You received a letter or email that a claim has been filed against your business by an employee or a former employee – what now?
- Don’t panic! Whether this is from the EEOC, DOL, OSHA, the NLRB or some other agency – you will have time and specific instructions to follow. This does not mean that you’ve been found to be negligent or “guilty”. This only means that the agency has had a claim filed and will follow up with additional information.
- Before talking to anyone else about the claim, sit down and quietly make notes about the situation referenced in the claim. What do you remember? Who was involved? Making these notes before talking to anyone else is critical, as your memory of the situation could be clouded by others’ recollection.
- Do not contact the employee or former employee regarding the claim. If this person is still working for you, you should continue with business as usual, for now. Absolutely do not fire, suspend or otherwise act in a way that could be considered retaliation for them filing the claim.
- Contact your employment attorney and Human Resources professional. If you don’t have one or both, it may be time to get them on board. There are many good employment law firms out there. They can help advise you on next steps and give you more information about what to expect. Talk to these people before you take any other steps, including responding to the claim if the notification requires you to do so.
- Ask that all emails, texts, notes, and any other documentation about the employee(s) in question be saved and unaltered. Even if that documentation isn’t about the situation referenced, it could become useful. This will also be amongst the first things that an attorney will advise you to do.
- After getting advisement from your HR and attorney, you can start an investigation to collect statements from others involved. It will be impossible to do this without them knowing about what you’re investigating, and that’s ok. Ask for their discretion and let them know that you will be asking for the discretion of others involved. If this involves a situation that has already been investigated, gather all appropriate documentation.
- Wait for further action from the agency or your attorney. These claims can take a long time, even YEARS, to proceed. At times, the claim is closed, or no further action is necessary after the initial contact.
Even if you just feel funny about a conversation you have had, document it.
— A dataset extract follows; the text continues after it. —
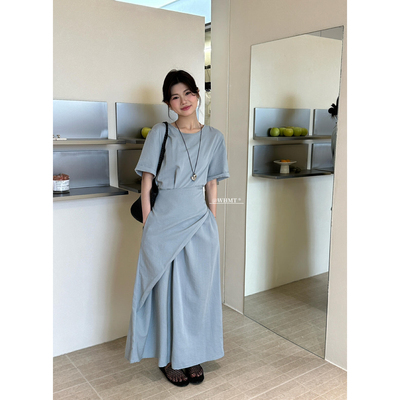 RS.WHMT 韩系法式纯色不规则系带收腰显瘦短袖连衣裙气质长裙8596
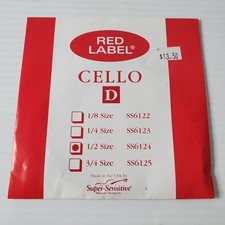 Red Label Cello D Single String 1/2 Size SS6124 6124 New Super Sensitive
It can be intimidating and frustrating to see one of these notices come across your desk. The very best way to be prepared is to be an “over-documenter”. By this, I mean you should take dated notes or send emails to your HR about conversations with employees that are in regard to conflicts, arguments, or complaints in your business. Even if you just feel funny about a conversation you have had, document it. These notes can be your saving grace in a formal claim investigation.